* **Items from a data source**
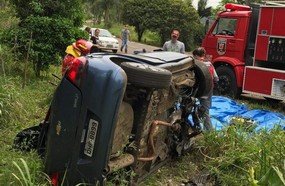 Sargento da PM morre após capotar veículo na SC-154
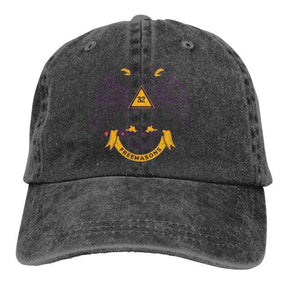 32nd Degree Scottish Rite Baseball Cap - Adjustable - Bricks Masons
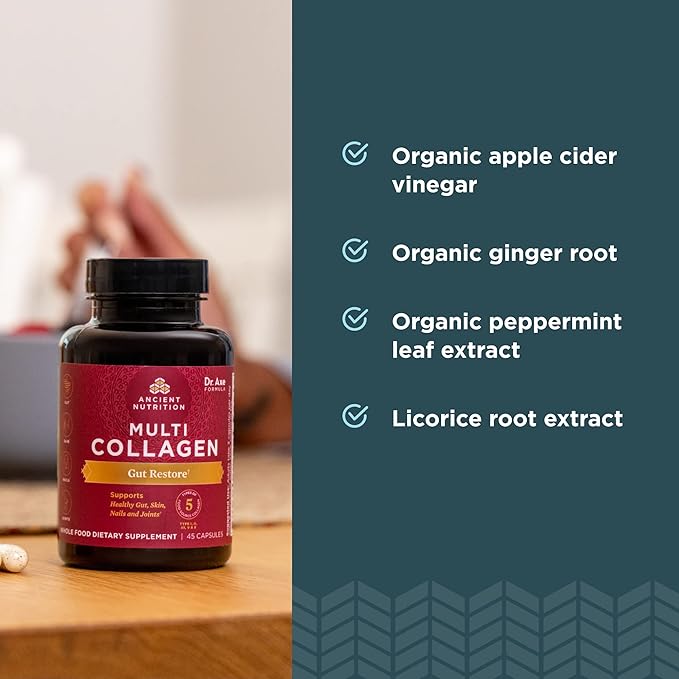 Collagen Pills with Probiotics for Gut 90 Ct,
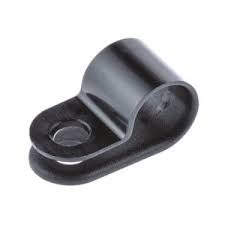 P Clips Black Nylon 22Mm Adj. Q814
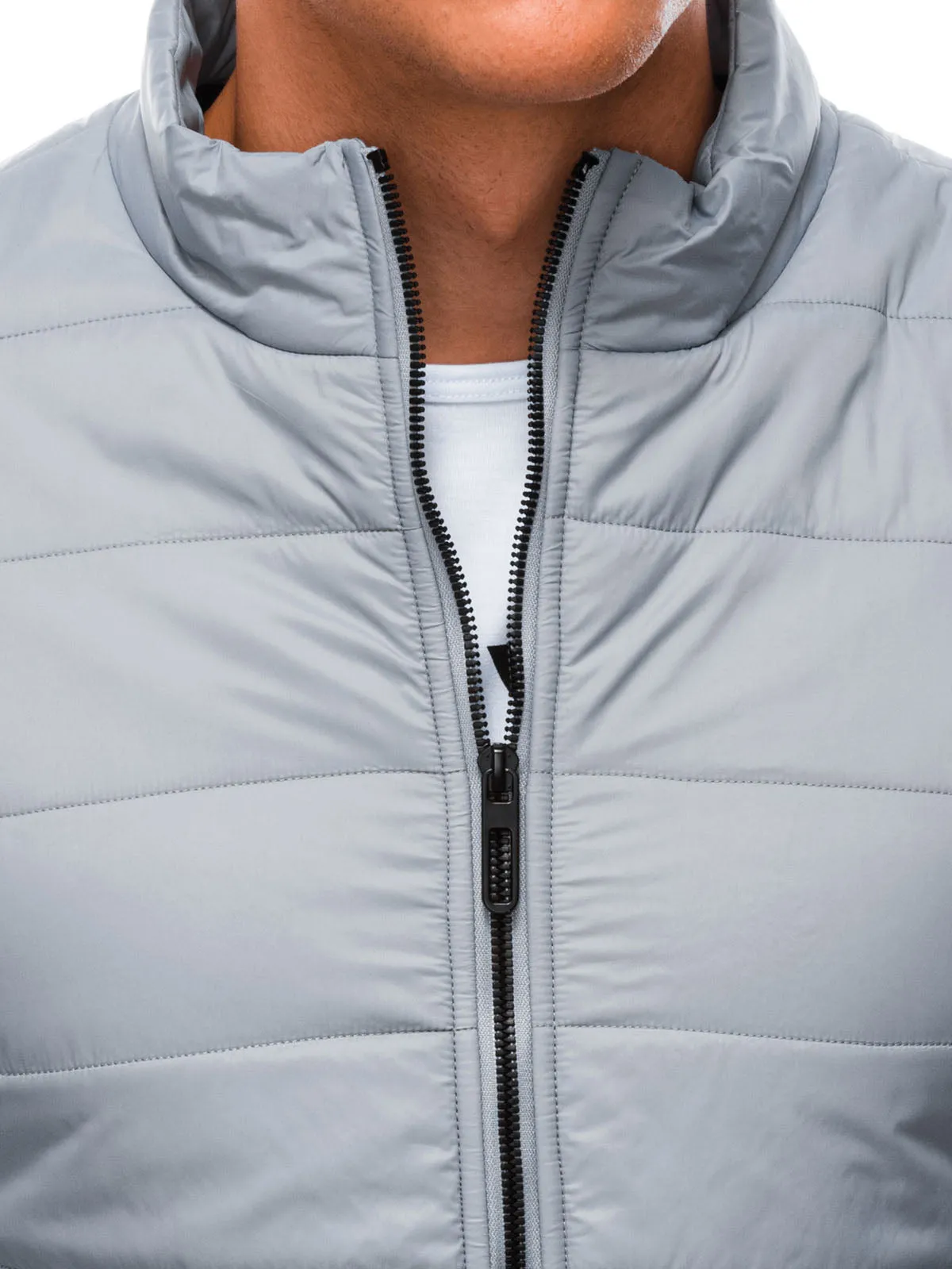 Deoti Men's quilted jacket Rudolph grey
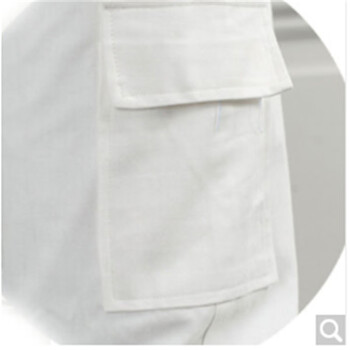 聚远 JUYUAN 1001劳保电焊工作服套装 反光衣 全棉 纯棉白色 工服 工程服 作业服 白色 175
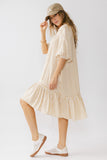 Theo Striped Midi Dress in Mustard FINAL SALE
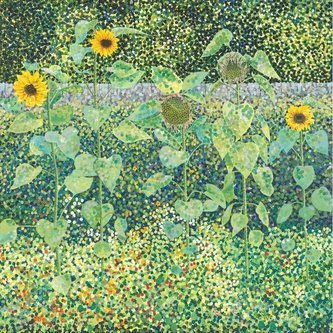 Karnet z kopertą Słoneczniki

* **The task**
Leave out the pictures and reproduce the rest of the records exactly.

* **Output**
 Sargento da PM morre após capotar veículo na SC-154
 32nd Degree Scottish Rite Baseball Cap - Adjustable - Bricks Masons
 Collagen Pills with Probiotics for Gut 90 Ct,
 P Clips Black Nylon 22Mm Adj. Q814
 Deoti Men's quilted jacket Rudolph grey
 聚远 JUYUAN 1001劳保电焊工作服套装 反光衣 全棉 纯棉白色 工服 工程服 作业服 白色 175
 Theo Striped Midi Dress in Mustard FINAL SALE
 Karnet z kopertą Słoneczniki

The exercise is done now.